When the Financial Times says your English Department is idiotic, you're probably doing pretty bad. Well, that is exactly what has happened to Harvard.
Harvard's plans to change their required courses, "reveal a confusion about what a college English department is suppose to do," writes Christopher Caldwell.
Under the new regime, students will take courses in four “affinity groups” or “common-ground modules”: “Arrivals,” “Poets,” “Diffusions” and “Shakespeares”. Two of these (“Poets” and “Shakespeares”) are consistent with English as it has been taught at Harvard for a century. The other two are not. “There is no such thing as writing that is indigenous or ‘native’ to England,” runs a copy of the department’s guidelines for “Arrivals” obtained by the Harvard Crimson. “All the great writing between the 7th and the 12th century is produced by invaders and immigrants who knew that ‘they’ came from somewhere else.” This is a banality dressed up as a provocation. English literature surveys have always stressed the influence on English writers of foreign ones.... If literary influences were what Harvard wanted to stress, there would be no reason to scrap its current approach. “Arrivals” appears to be a pretext for teaching more about migration, building a bridge to the doctrines of post-colonial and cultural studies in which the many professors are heavily invested. The description of “Diffusions” reveals similar preoccupations: “What is this nation, ecosystem, town, region, community, continent? What does it mean to belong to a where, and what are the signs, and forms, and idioms, of belonging – and unbelonging.”
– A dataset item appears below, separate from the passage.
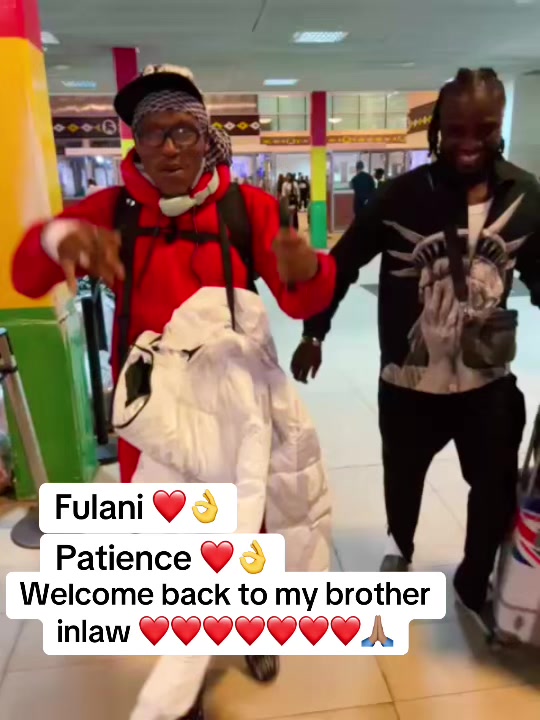 @FULANI QUEEN ❤️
Caldwell is left to conclude that "The goal is to take the most superficial, unliterary and easily politicised aspects of the study of English and pretend they are the throbbing heart of the whole enterprise." Yet it was not always so. "Harvard’s English department was always relatively conservative," but by the 1980s "roughly half the faculty pined for an English department more like Yale’s or Princeton’s, which were quicker to embrace 'deconstruction', 'theory' and cultural studies. Freed of the need to master, say, Milton, junior faculty could devote their reading hours to continental semioticians."
Today, a note to would-be majors on the Harvard English website shows that theory has won there, too: “To ask how and why writers of different times and places have represented men and women (or the rich and the poor, or the coloniser and the colonised) as they have done is the question that compels cultural studies – a form of history and anthropology combined.” This is Harvard’s invitation to “the best that has been thought and said”? Even 25 years ago, we assumed that spending four years with Shakespeare, Donne and Keats was self-evidently “worth it”. Yet here is someone in the English department who feels that, to appeal, English literature must be passed off as anthropology.
An accusation that has beset English since it caught on as an academic discipline in the 1850s is that it is idleness masquerading as scholarship. This view was once held to be the badge of hard-headed businessmen and other philistines. But all those who believe that English is not a real field of study until it is garlanded with practical or political concerns embrace a version of it, even if they do so from the heights of a university English department.